I was fooled by one of these imposters not too long ago when I noticed that a tractor at the local carnival had a new set of drives that looked exactly like a tire that has always been a proven performer for a major manufacturer.

It caught my attention because these companies typically don't see tires as an investment and would never shell out the kind of money it takes for a set of eight premium drive tires. For a brief moment, I thought the carnival industry was finally waking up and realizing that quality products deliver maximum performance. But by the time I got close enough to read the sidewall, my hopes were dashed.

As I discussed in an article last year, commercial truck tires are a blend of synthetic and natural rubber, and each compound is engineered for a specific application.
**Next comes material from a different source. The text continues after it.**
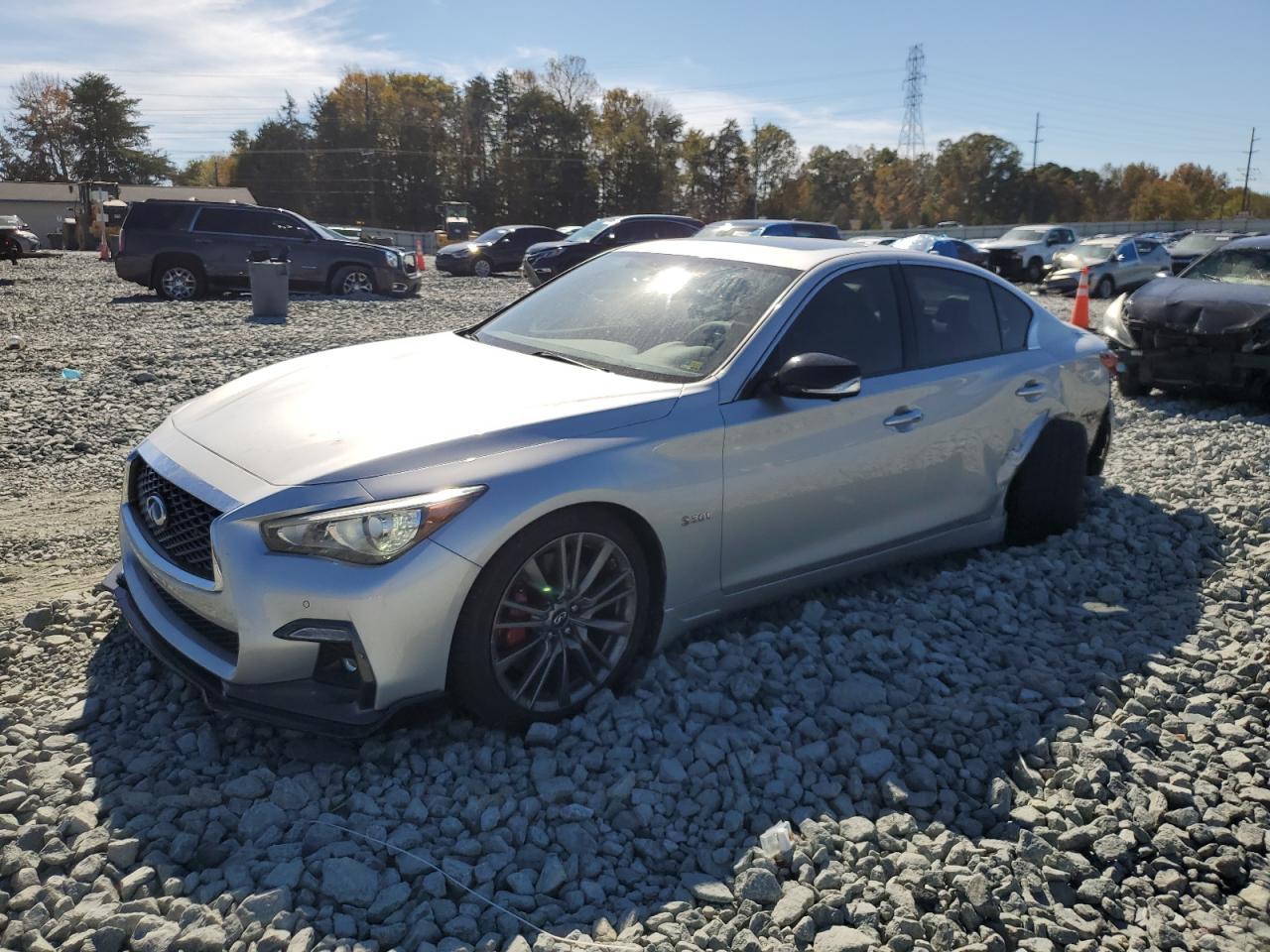 2019 INFINITI Q50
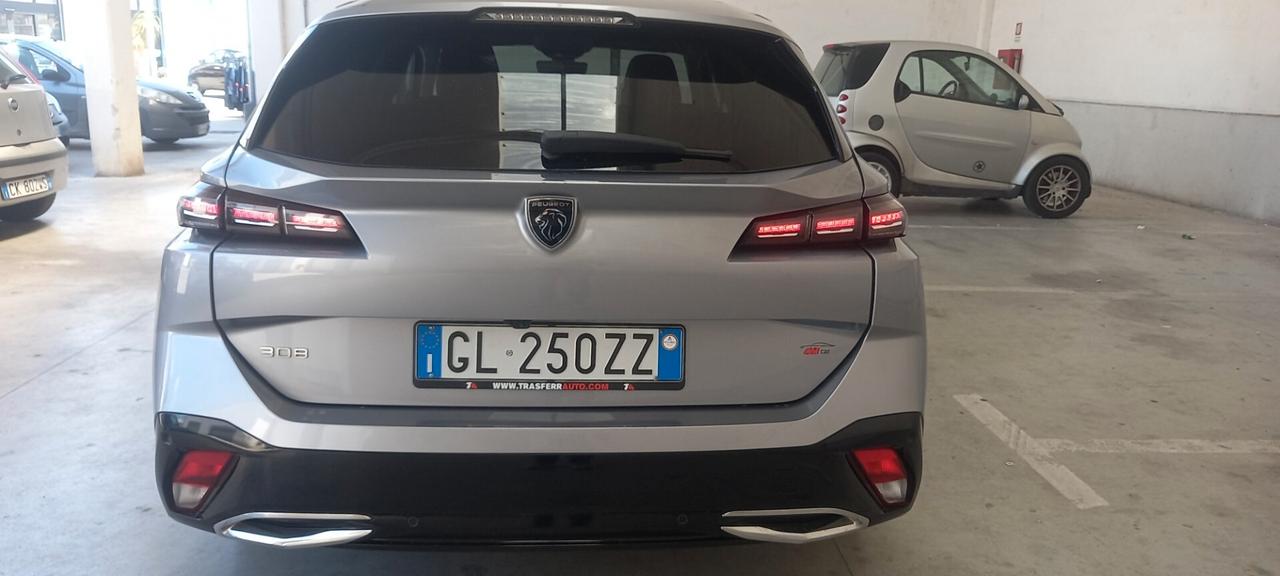 Peugeot 308 BlueHDi 130 S&S SW Allure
The name brand of the imposter at the carnival is designed for both longhaul and local use. I have no idea how the actual rubber on those tires will perform because I never heard of the manufacturer. For all I know, it could have a ton of fillers that do nothing for improving mileage but a lot for reducing production costs.

Recent buyers of certain light-truck tires produced in China have found themselves in the middle of a recall, with very little recourse. Apparently, there were some design issues that resulted in belt separations, so the federal government has ordered the manufacturer to recall and replace all of the tires.

But Uncle Sam can't just knock on the door of the North American headquarters as he has done in the past. Officials for the manufacturer have said they will not make financial restitution, so it's up to the importer and the dealers who sold the tires to remedy the situation.

When you purchase no-name tires that look like the name brand, you have few guarantees other than a cheaper price. You must take the manufacturer's word that the tires meet federal DOT test standards and will not come apart after a few thousand miles. And, as we're finding out with the recent recall of Chinese tires, if the manufacturer is not properly bonded or insured, you may be simply out of luck.

I'm not saying that truck tires produced outside of North America or so-called “look-alikes” are inferior products. In fact, some of the major tire companies have plants in China that maintain the same level of quality control as those in the West. And some lesser-known economy brands also have manufacturing facilities overseas that produce tires meeting federal test standards in the U.S.

But as the price of truck tires continues to rise, you may be more tempted to save a few bucks by going with the imposter. So before you sign on the dotted line, ask questions about the warranty and whether everyone in the chain is properly bonded and insured. You might save a few dollars today, but if things are not what they seem, you could be faced with a major expense down the road.